Under a 1997 UN climate deal, only industrialised countries had to curb emissions. Since then, the shipping industry has largely resisted pressure to clean up its act.
In the absence of plans to curb emissions, they could rise by up to 250% by 2050, according to the UN’s International Maritime Organization (IMO).
The Marshalls are home to the third largest trade fleet in the world, behind Panama and Liberia, and ahead of Hong Kong and Singapore.
Few vessels dock in the Pacific Islands but the owners – who pay a fee to fly the flag – avoid income taxes that are common in other parts of the world.
In return, the Marshall Islands has nominal jurisdiction over the ships and is responsible for inspecting them.
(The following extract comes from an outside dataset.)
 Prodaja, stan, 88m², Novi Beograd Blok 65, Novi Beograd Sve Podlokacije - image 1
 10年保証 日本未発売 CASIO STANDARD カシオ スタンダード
De Brum called on the IMO to put global pressure on owners to accept tougher standards.
Without this ships could “jump easily from flag to flag” he said, undermining global efforts to secure a climate pact, due to be finalised in Paris in December.
“With a strong wind blowing in the climate action sails en route to Paris, the IMO must move to set a sector-wide international shipping emissions target now,” he said.
Well known vessels registered in Majuro, the Marshalls capitol included the BP Deepwater Horizon rig, which sank in 2010 after an onboard explosion, causing the biggest US oil spill in history.